Just a day from now, former President Donald Trump will be again standing trial in the Senate, making him the first President to ever have been impeached twice.
This trial will seek to determine whether or not Trump’s speech before a raucous crowd near the Capitol on January 6th incited the mob to overrun police forces and lay siege to the historic building.
The Democrats aren’t only looking to convict Trump, however: The also wish to try barring him from holding any future offices as well.
A new poll shows just how Americans feel about that.
Compared to public attitudes in the early days of his first impeachment trial, support for the Senate convicting Trump is higher now. In an ABC News/Washington Post poll published in late January 2020, when the first trial was ongoing but before senators had voted, 47% of Americans said the Senate should vote to remove Trump from office and 49% said he should not be removed.
But in this latest poll, 56% of Americans say Trump should be convicted and barred from holding office again, and 43% say he should not be. The new poll was conducted by Ipsos in partnership with ABC News using Ipsos’ KnowledgePanel.

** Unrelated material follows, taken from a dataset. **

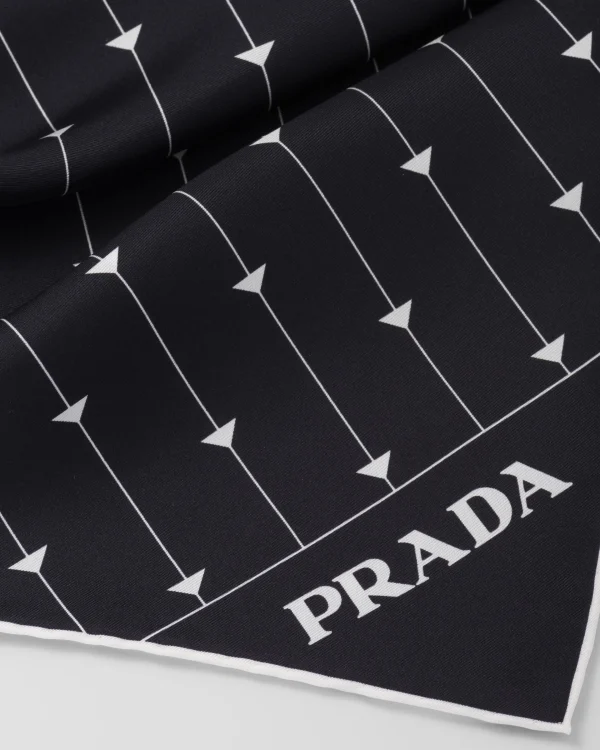 Silks And Scarves*Prada Printed silk twill foulard Black/white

Meanwhile, the attention on Capitol Hill last week focused more on the fate of a new Republican member of Congress who has faced backlash for espousing extremist views and support for the QAnon conspiracy theory in her past. That focus, which followed the deadly insurrection on the U.S. Capitol that Trump is accused of inciting, seems to have taken a toll on the public’s perception of the party. By a 17-point margin, Americans say there are more radical extremists within the GOP than the Democratic Party.
Trump’s legal team is said to be preparing a bit of a wildcard defense, and could be seeking to address the idea that the 2020 election was not a fair and Democratic process – which is the same sentiment that motivated those who infiltrated the Capitol on January 6th.